- _Input records_:
==========
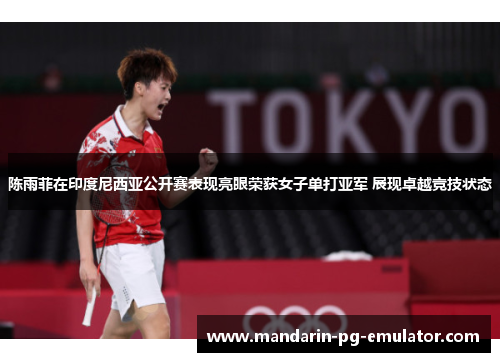 陈雨菲在印度尼西亚公开赛表现亮眼荣获女子单打亚军 展现卓越竞技状态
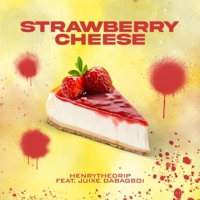 strawberry cheese (feat. Juixe DaBagBoi) - Single - henrythedrip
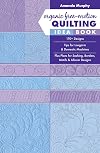 Organic Free-Motion Quilting Idea Book: 170 Designs; Tips for Longarm & Domestic Machines; Plus Plans for Sashing, Borders, Motifs & Allover Designs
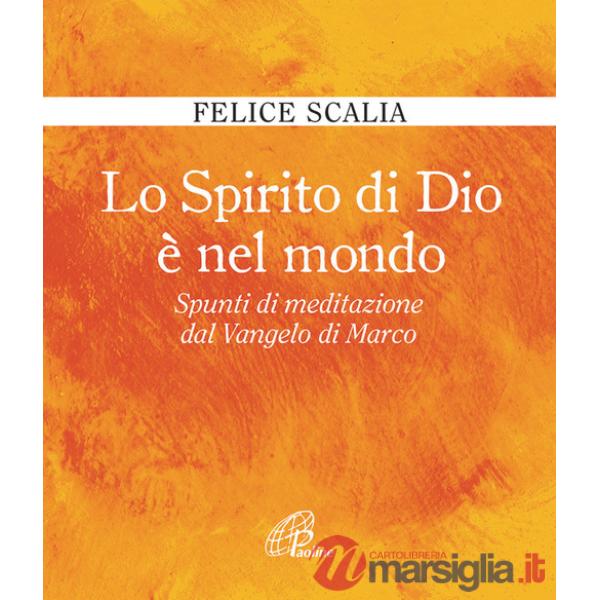 Spirito di Dio è nel mondo. Spunti di meditazione dal Vangelo di Marco (Lo)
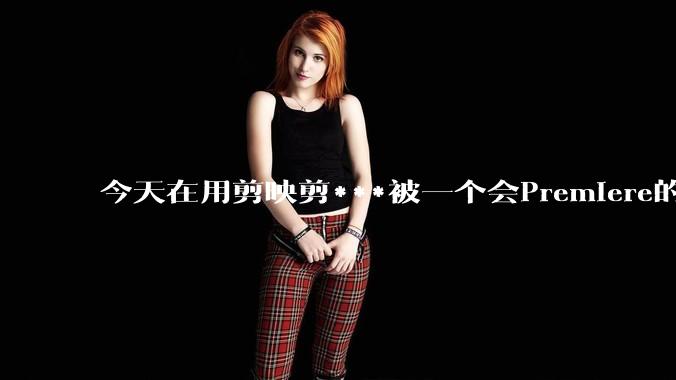 今天在用剪映剪***被一个会Premiere的同学看到了，嘲笑我用剪映，Pr剪辑真的比剪映好吗，好在哪？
==========
- _Task details_: Repeat the records in full and exactly, leaving every picture out.

- _Finished exercise_:
 陈雨菲在印度尼西亚公开赛表现亮眼荣获女子单打亚军 展现卓越竞技状态
 strawberry cheese (feat. Juixe DaBagBoi) - Single - henrythedrip
 Organic Free-Motion Quilting Idea Book: 170 Designs; Tips for Longarm & Domestic Machines; Plus Plans for Sashing, Borders, Motifs & Allover Designs
 Spirito di Dio è nel mondo. Spunti di meditazione dal Vangelo di Marco (Lo)
 今天在用剪映剪***被一个会Premiere的同学看到了，嘲笑我用剪映，Pr剪辑真的比剪映好吗，好在哪？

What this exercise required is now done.